Another company in the healthcare industry was up more than 30%, as Continucare (NYSE: CNU) opened the new week at $6.26 after closing Friday at $4.77 because of a buyout offer from Metropolitan Health Networks (NYSE: MDF). The offer was for $6.25 in cash per share with stock. The total value of the buy is $391.1 million.
Down by about 90% was an exchange-traded fund, the VelocityShares Daily Inverse VIX (NYSE: XIV), which seeks to replicate, net of expenses, the inverse of the daily performance of the S&P 500 VIX Short Term Futures Index. XIV is about 90% below its 20-, 50- and 200-day moving averages. It is trading at more than 90% its 52-week high and more than 80% above its 52-week low.
Hampton Roads Bancshares (NASDAQ: HMPR) was down more than 30%, opening at $13.11 but quickly falling to trade around $10. Hampton Roads recently recapitalized and has been selling off assets. It is trading more than 40% below its 20-, 50- and 200-day moving averages. The stock is off more than 70% from its 52-week high. With a relative strength index of just over 23, it is selling well under the 30 benchmark for a stock that is considered to be oversold.
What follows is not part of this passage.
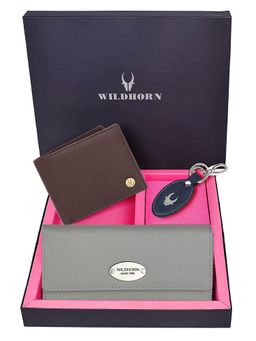 WILDHORN - Premium Leather Ladies Wallet, Mens Wallet and Keychain Gift -1K_GR_2052BRN_K (Set of 3)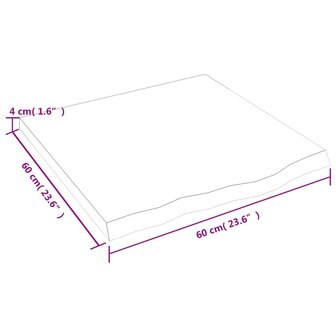 Wastafelblad 60x60x(2-4) cm behandeld massief hout lichtbruin 8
The Bank of Kentucky (NASDAQ: BKYF) was another regional financial down in double digits, closing Friday at $24.77 and now trading under $22 per share. Last week, the Bank of Kentucky was also a top loser for the S&P. The Bank of Kentucky is trading more than 12% below its 20-day moving average and almost 10% under its 50-day moving average. The stock is almost 16% down from its year high of $26. The relative strength index for the Bank of Kentucky is at 28.81.
Jonathan Yates does not own any of the stocks mentioned in this article.